4.2        Pre-emphasis

Implement the preemp function in proto.py. To do this, define a pre-emphasis filter with preemphasis coefficient 0.97 using the lfilter function from scipy.signal. Explain how you defined the filter coefficients. Apply the filter to each frame in the output from the enframe function. This should correspond to the example['preemph'] array.

4.3         Hamming Window

Implement the windowing function in proto.py. To do this, define a hamming window of the correct size using the hamming function from scipy.signal with extra option sym=False[4]. Plot the window shape and explain why this windowing should be applied to the frames of speech signal. Apply hamming window to the pre-emphasized frames of the previous step. This should correspond to the example['windowed'] array.

4.4          Fast Fourier Transform

Implement the powerSpectrum function in proto.py. To do this, compute the Fast Fourier Transform (FFT) of the input from scipy.fftpack and then the squared modulus of the result. Apply your function to the windowed speech frames, with FFT length of 512 samples. Plot the resulting power spectrogram with pcolormesh. Beware of the fact that the FFT bins correspond to frequencies that go from 0 to fmax and back to 0. What is fmax in this case according to the Sampling Theorem? The array should correspond to example['spec'].
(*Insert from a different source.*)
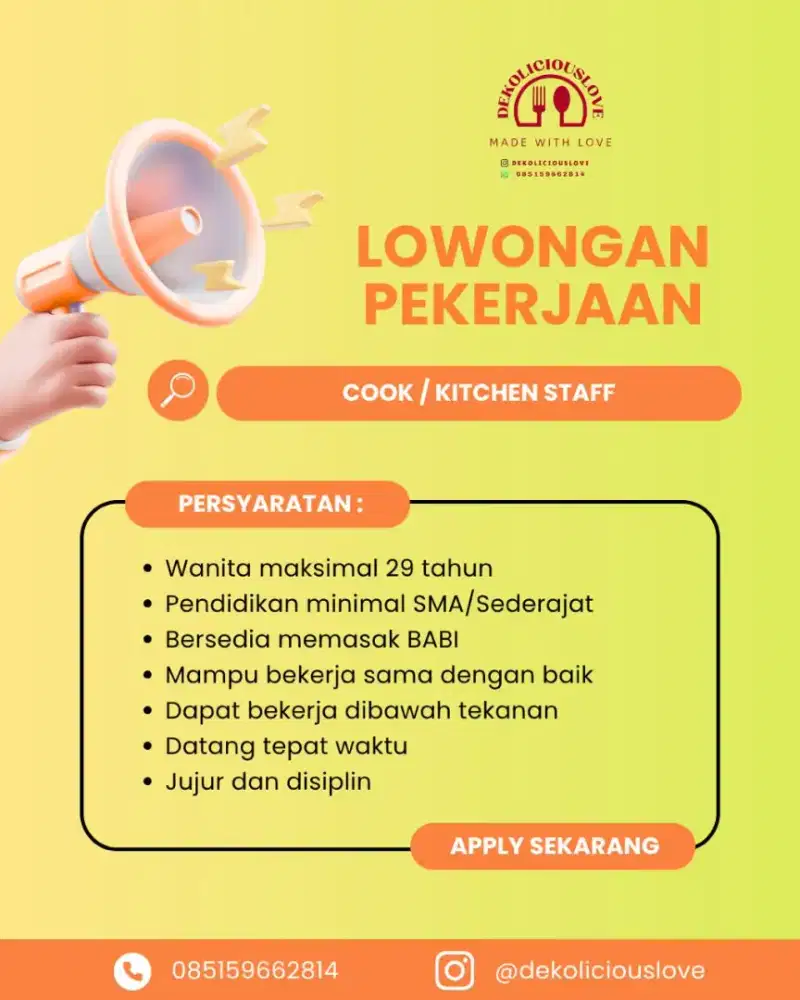 Dibutuhkan Cook / Kitchen Helper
4.5           Mel filterbank log spectrum

Implement the logMelSpectrum function in proto.py. Use the trfbank function, provided in the tools.py file, to create a bank of triangular filters linearly spaced in the Mel frequency scale. Plot the filters in linear frequency scale. Describe the distribution of the filters along the frequency axis. Apply the filters to the output of the power spectrum from the previous step for each frame and take the natural log of the result. Plot the resulting filterbank outputs with pcolormesh. This should correspond to the example['mspec'] array.
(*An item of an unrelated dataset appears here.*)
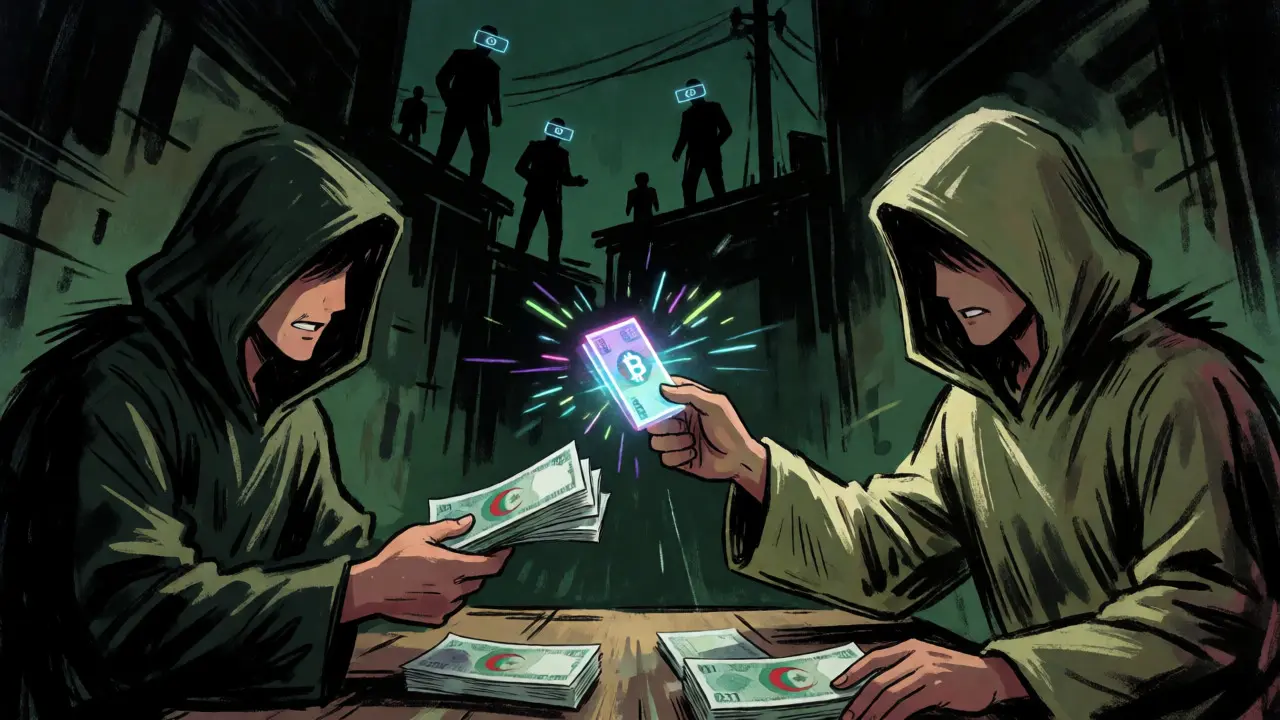 Secret P2P crypto exchange in shadowy Algerian alley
4.6           Cosine Transofrm and Liftering

Implement the cepstrum function in proto.py. To do this, apply the Discrete Cosine Transform (dct function from scipy.fftpack.realtransforms) to the outputs of the filterbank. Use coefficients from 0 to 12 (13 coefficients). Then apply liftering using the function lifter in tools.py. This last step is used to correct the range of the coefficients. Plot the resulting coefficients with pcolormesh. These should correspond to example['mfcc'] and example['lmfcc'] respectively.

Once you are sure all the above steps are correct, use the mfcc function (tools.py) to compute the liftered MFCCs for all the utterances in the data array. Observe differences for different utterances.

5           Feature Correlation
Concatenate all the MFCC frames from all utterances in the data array into a big feature [N ×M] array where N is the total number of frames in the data set and M is the number of coefficients. Then compute the correlation coefficients between features and display the result with pcolormesh. Are features correlated? Is the assumption of diagonal covariance matrices for Gaussian modelling justified? Compare the results you obtain for the MFCC features with those obtained with the Mel filterbank features ('mspec' features).

6           Comparing Utterances
Given two utterances of length N and M respectively, compute an [N ×M] matrix of local Euclidean distances between each MFCC vector in the first utterance and each MFCC vector in the second utterance.

Write a function called dtw (proto.py) that takes as input this matrix of local distances and outputs the result of the Dynamic Time Warping algorithm. The main output is the global distance between the two sequences (utterances), but you may want to output also the best path for debugging reasons.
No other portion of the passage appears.